Neat article in the Times about increased ridership along the NEC due to increased airfare. 

http://nyti.ms/SmAr5J


----------



## gunrunnerjohn (Nov 10, 2010)

Now, if they could just stop losing money on every rider, that would be great.


----------



## norgale (Apr 4, 2011)

I think that if Amtrack charged what it should in order to make a profit,nobody would ride beause it would cost too much. The railroad is already nationalized so why not spend the money to fix the RR infrastructure,speed up the trains with new equipment,bridges and track and then adjust the price to what the traffic will bear. faster trains will make more money.
On the other hand the privatization of the RR probably won't work unless the government sunsidizes it to make it go. Then we'll be right back where we are now only some people will be getting very rich off the subsidies and the tax payers will be paying more.
Just like high speed rail here in Florida. We have wide open spaces just about as flat as a table top and nobody will commit to building this RR without the government behind it. If it was such a big money maker for so many people then private money would have already built the darned thing. 
The only RR that make any money are those who run stricly frieght. Moving freight pays big money,moving people doesn't. I wonder what the liability insurance costs on a passenger train going from LA to DC or NYC? Pete


----------



## seabilliau (Dec 12, 2011)

In my complete uninformed opinion I believe that mass transit needs to always be considered a monetary loss.
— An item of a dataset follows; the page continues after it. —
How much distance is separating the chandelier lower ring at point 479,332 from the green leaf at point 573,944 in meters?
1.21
I'm sure there are models and circumstances where privitization can and or is successful but I think in most cases it is not. 
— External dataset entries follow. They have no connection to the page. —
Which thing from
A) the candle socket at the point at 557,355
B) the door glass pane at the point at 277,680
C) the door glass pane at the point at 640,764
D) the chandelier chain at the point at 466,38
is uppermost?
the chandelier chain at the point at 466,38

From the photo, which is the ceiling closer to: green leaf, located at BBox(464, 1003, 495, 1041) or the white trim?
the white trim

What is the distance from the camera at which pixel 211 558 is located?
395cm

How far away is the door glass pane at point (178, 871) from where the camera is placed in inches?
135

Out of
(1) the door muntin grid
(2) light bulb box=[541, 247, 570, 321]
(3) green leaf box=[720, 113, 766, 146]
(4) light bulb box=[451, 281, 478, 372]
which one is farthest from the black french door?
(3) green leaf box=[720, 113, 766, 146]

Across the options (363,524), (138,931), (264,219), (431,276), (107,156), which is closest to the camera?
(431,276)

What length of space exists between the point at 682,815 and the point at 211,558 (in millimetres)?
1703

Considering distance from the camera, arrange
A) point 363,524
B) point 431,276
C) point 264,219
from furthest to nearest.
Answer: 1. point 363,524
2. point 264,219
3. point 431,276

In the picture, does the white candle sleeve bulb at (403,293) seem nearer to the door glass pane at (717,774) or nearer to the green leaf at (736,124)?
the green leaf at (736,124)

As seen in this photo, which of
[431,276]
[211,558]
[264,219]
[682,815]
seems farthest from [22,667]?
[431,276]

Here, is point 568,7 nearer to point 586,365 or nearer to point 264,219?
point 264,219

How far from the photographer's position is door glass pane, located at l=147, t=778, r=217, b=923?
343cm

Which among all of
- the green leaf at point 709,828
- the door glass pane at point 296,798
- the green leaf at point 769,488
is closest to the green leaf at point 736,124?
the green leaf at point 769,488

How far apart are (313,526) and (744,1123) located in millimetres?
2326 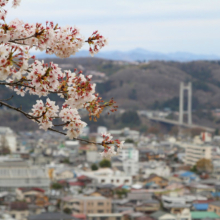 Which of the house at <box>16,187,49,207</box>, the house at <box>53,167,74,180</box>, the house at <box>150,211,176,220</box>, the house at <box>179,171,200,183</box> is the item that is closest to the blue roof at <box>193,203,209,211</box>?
the house at <box>150,211,176,220</box>

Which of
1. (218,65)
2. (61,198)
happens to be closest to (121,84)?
(218,65)

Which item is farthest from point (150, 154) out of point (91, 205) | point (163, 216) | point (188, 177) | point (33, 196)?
point (163, 216)

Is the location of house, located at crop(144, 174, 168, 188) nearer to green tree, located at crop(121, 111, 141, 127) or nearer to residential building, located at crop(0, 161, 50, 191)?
residential building, located at crop(0, 161, 50, 191)

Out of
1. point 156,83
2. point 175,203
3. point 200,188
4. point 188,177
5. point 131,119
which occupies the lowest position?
point 175,203

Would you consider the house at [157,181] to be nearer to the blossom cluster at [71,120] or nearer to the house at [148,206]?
the house at [148,206]

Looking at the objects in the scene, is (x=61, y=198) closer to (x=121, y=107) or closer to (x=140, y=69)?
(x=121, y=107)

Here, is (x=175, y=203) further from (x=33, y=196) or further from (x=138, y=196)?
(x=33, y=196)

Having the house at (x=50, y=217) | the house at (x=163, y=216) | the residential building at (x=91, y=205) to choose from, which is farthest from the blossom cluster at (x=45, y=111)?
the residential building at (x=91, y=205)

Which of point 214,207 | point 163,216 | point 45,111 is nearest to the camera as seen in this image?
point 45,111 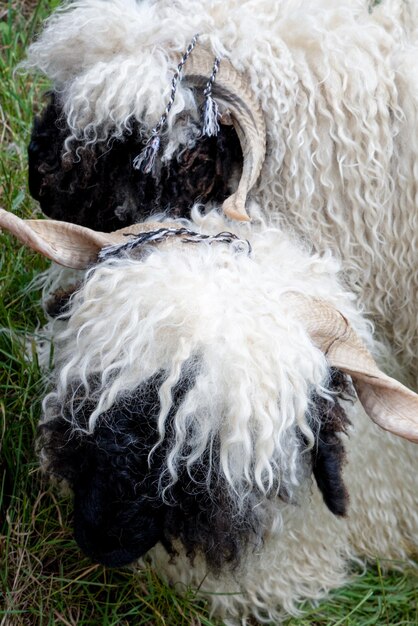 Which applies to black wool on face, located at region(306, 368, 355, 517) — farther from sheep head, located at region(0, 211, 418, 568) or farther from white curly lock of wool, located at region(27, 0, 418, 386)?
white curly lock of wool, located at region(27, 0, 418, 386)

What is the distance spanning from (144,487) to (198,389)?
0.23m

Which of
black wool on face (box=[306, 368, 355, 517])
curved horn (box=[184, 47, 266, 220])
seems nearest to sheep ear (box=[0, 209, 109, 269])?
curved horn (box=[184, 47, 266, 220])

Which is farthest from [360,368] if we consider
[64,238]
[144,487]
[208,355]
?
[64,238]

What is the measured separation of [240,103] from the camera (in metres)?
2.09

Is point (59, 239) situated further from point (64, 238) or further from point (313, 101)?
point (313, 101)

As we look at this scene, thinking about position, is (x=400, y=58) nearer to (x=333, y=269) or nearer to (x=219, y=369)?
(x=333, y=269)

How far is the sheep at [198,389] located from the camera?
1635 millimetres

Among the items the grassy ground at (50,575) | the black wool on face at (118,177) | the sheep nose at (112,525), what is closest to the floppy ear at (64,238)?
the black wool on face at (118,177)

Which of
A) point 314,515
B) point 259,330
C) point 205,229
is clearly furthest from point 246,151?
point 314,515

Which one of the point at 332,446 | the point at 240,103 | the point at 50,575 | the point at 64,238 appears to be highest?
the point at 240,103

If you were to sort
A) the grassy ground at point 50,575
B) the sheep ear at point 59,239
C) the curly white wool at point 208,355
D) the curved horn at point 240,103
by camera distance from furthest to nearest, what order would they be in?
1. the grassy ground at point 50,575
2. the curved horn at point 240,103
3. the sheep ear at point 59,239
4. the curly white wool at point 208,355

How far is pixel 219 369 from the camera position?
1614 millimetres

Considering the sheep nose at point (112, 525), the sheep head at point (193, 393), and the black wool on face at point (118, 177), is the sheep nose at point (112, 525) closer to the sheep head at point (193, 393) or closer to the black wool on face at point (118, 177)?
the sheep head at point (193, 393)

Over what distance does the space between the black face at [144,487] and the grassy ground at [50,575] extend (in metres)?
0.47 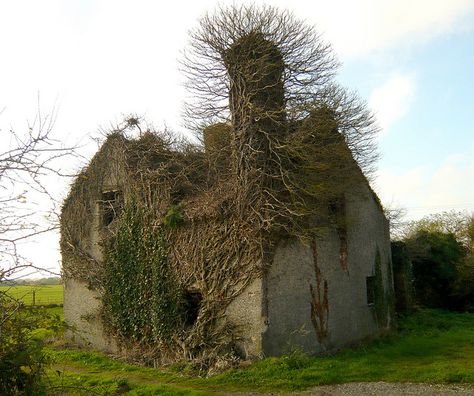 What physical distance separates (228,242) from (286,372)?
3.85 metres

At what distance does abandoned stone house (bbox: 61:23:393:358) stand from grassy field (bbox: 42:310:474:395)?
86 centimetres

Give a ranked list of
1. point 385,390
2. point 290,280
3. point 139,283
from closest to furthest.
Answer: point 385,390, point 290,280, point 139,283

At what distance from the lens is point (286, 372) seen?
12.0 metres

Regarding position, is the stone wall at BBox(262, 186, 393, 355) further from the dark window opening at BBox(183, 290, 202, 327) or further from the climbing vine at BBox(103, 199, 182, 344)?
the climbing vine at BBox(103, 199, 182, 344)

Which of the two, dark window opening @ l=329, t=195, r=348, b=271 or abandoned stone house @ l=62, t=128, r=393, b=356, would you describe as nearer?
abandoned stone house @ l=62, t=128, r=393, b=356

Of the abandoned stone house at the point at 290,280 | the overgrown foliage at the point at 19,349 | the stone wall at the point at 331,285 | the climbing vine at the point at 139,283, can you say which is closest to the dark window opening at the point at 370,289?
the abandoned stone house at the point at 290,280

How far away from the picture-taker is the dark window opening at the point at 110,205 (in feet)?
56.7

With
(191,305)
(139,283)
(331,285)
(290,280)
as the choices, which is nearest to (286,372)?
(290,280)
I heard a quip the other day about Britan now having the most expensive rail fares in the world and apparently it's due to privitization. I think airlines will still be private for a long time to come but eventually the costs will be too much forcing some form of govt support. 

http://m.guardian.co.uk/commentisfr...ion-failed-nhs?cat=commentisfree&type=article


----------



## brylerjunction (Aug 8, 2011)

FWIW the man who owns the shipping terminals in Hong Kong ( we all know how busy they are and the amount of stuff that goes through them) has to by Government Law operate ferries from Main Land Hong Kong to Hong Kong Island at a lost as part of his agreement to run the shipping ports...and he does a great job the ferries and stations are nice and the boats are comfortable and always on time.


----------



## Carl (Feb 19, 2012)

That is good news......Need to progress in the issue of users of the mass transit systems to shoulder a larger share of the cost. Need to get off the government roles.


----------



## norgale (Apr 4, 2011)

Maybe it's the clientel that the RR serves. People who can't afford to drive or take the plane will have to take a bus or a train. Anyone who can't afford to have a car sure can't afford to ride the train either.
Therfore the train remains at a lower level price per ticket than would be profitable to attract riders.The only way the train can exist to serve the people who need it is to subsidize it with the government. Pete


----------



## manchesterjim (Dec 30, 2011)

norgale said:


> Maybe it's the clientel that the RR serves. People who can't afford to drive or take the plane will have to take a bus or a train. Anyone who can't afford to have a car sure can't afford to ride the train either.
> Therfore the train remains at a lower level price per ticket than would be profitable to attract riders.The only way the train can exist to serve the people who need it is to subsidize it with the government. Pete


I'll have to take issue with some of this Pete...

For example, I prefer the train from DC to Boston for the simple fact that its cheaper, and faster, then driving. The Drive is about 9 hours...most of it sitting in traffic around DC, New York, ALL of Connecticut, and Boston. 

Both of my cars are in great shape so its not a question of reliability....its still cheaper to take the train. Flying into the North East (Boston Area) is ludicrous. Its not only costly, but in all the travel I've done over the last 5 years there, I rarely, if ever, see a plan that isn't full to the gills with grumpy Bostonians.....

As for the other riders I see on the trains....many live in areas where they don't need a car, so to travel to Grandma's house in the Midwest, they either ride or fly.

And to date...the very least expensive mode of mass-long distance transit is the Bus. (Greyhound).......and I surely will avoid that!

Jim


----------